Your instructions: Across all the records, filter for lines with the word "zonas" and copy them.

Brief descriptive captions:
◇ ◇ ◇ ◇ ◇
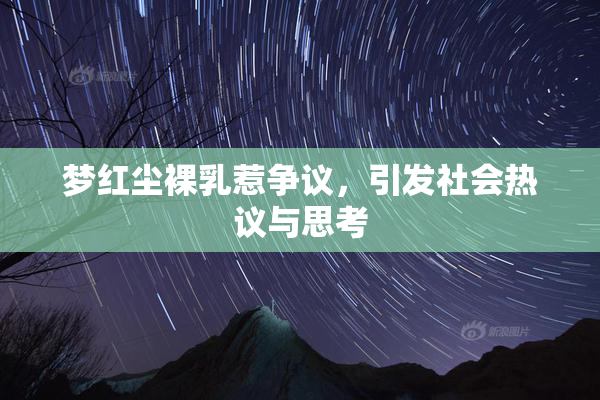 梦红尘裸乳惹争议，引发社会热议与思考
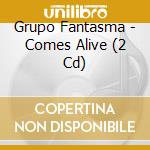 Grupo Fantasma - Comes Alive (2 Cd) cd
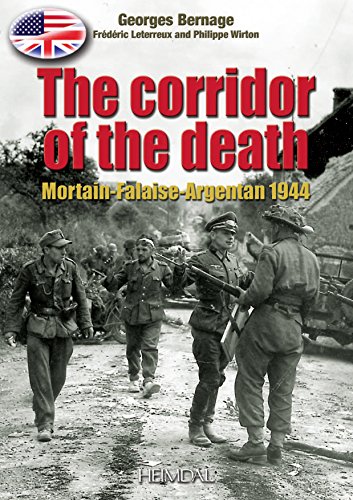 Stock image for The Corridor of the Death: Mortain-Falaise-Argentan 1944 for sale by Diarmuid Byrne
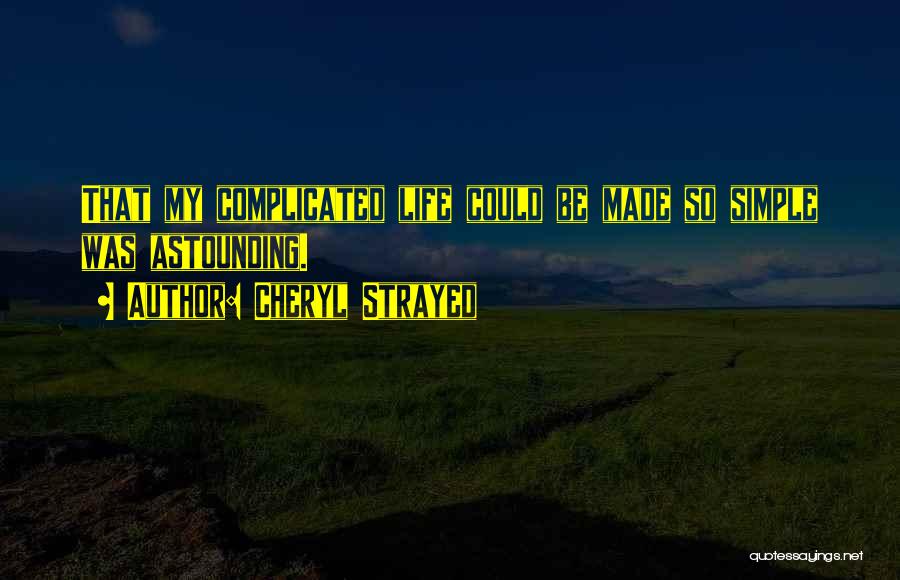 Cheryl Strayed Quotes: That My Complicated Life Could Be Made So Simple Was Astounding.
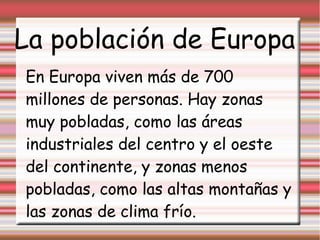 La población de Europa
En Europa viven más de 700
millones de personas. Hay zonas
muy pobladas, como las áreas
industriales del centro y el oeste
del continente, y zonas menos
pobladas, como las altas montañas y
las zonas de clima frío.
 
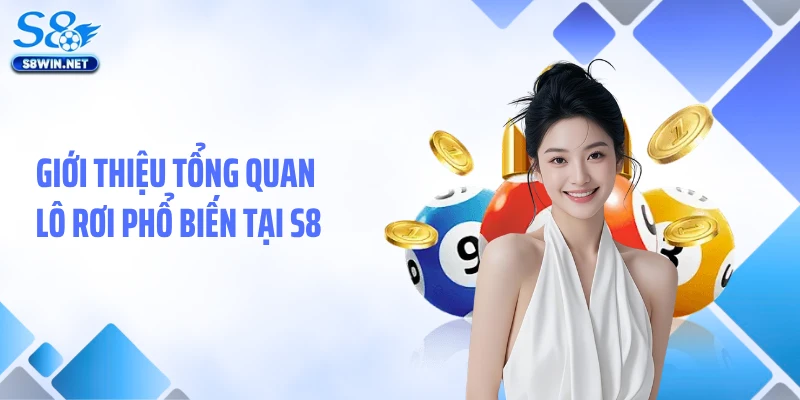 Lô Rơi Là Gì? Cách Bắt Nhịp Con Số Rụng Tại Nhà Cái S8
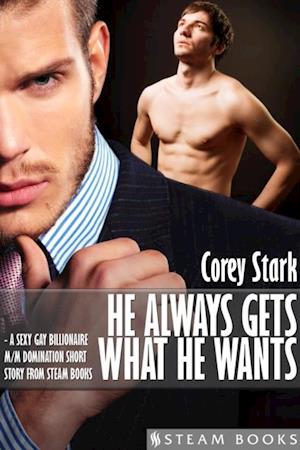 He Always Gets What He Wants - A Sexy Gay Billionaire M/M Domination Short Story From Steam Books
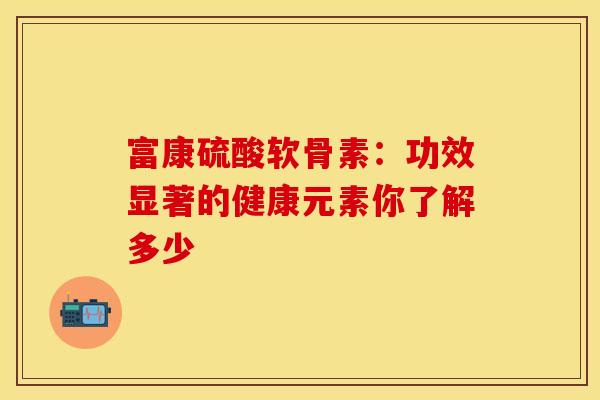 富康硫酸软骨素:功效显著的健康元素你了解多少 富康硫酸软骨素:功效显著的健康元素你了解多少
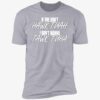 Anthony Edward If She Doesnt Hawk Tuah I Dont Wanna Tawk Tuha Shirt 5 1.jpg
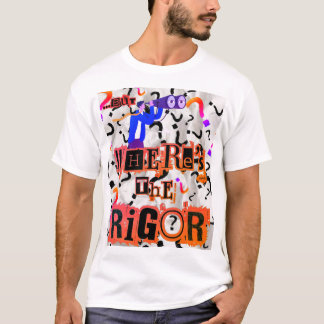 T-shirt Où est le Rigor Tee ?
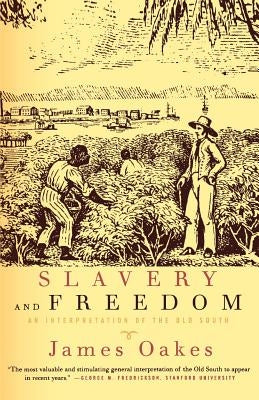 Slavery and Freedom: An Interpretation of the Old South by Oakes, James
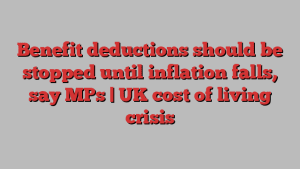 Benefit deductions should be stopped until inflation falls, say MPs | UK cost of living crisis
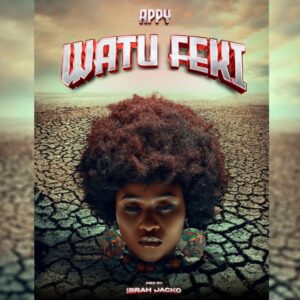 Music Audio : Appy – Watu Feki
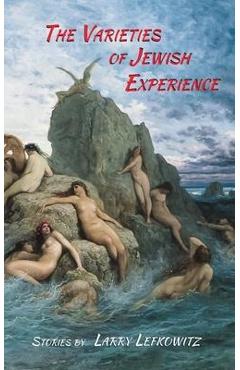 Coperta cărții 'The Varieties of Jewish Experience - Larry Lefkowitz'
◇ ◇ ◇ ◇ ◇
Solved exercise:
millones de personas. Hay zonas
del continente, y zonas menos
las zonas de clima frío.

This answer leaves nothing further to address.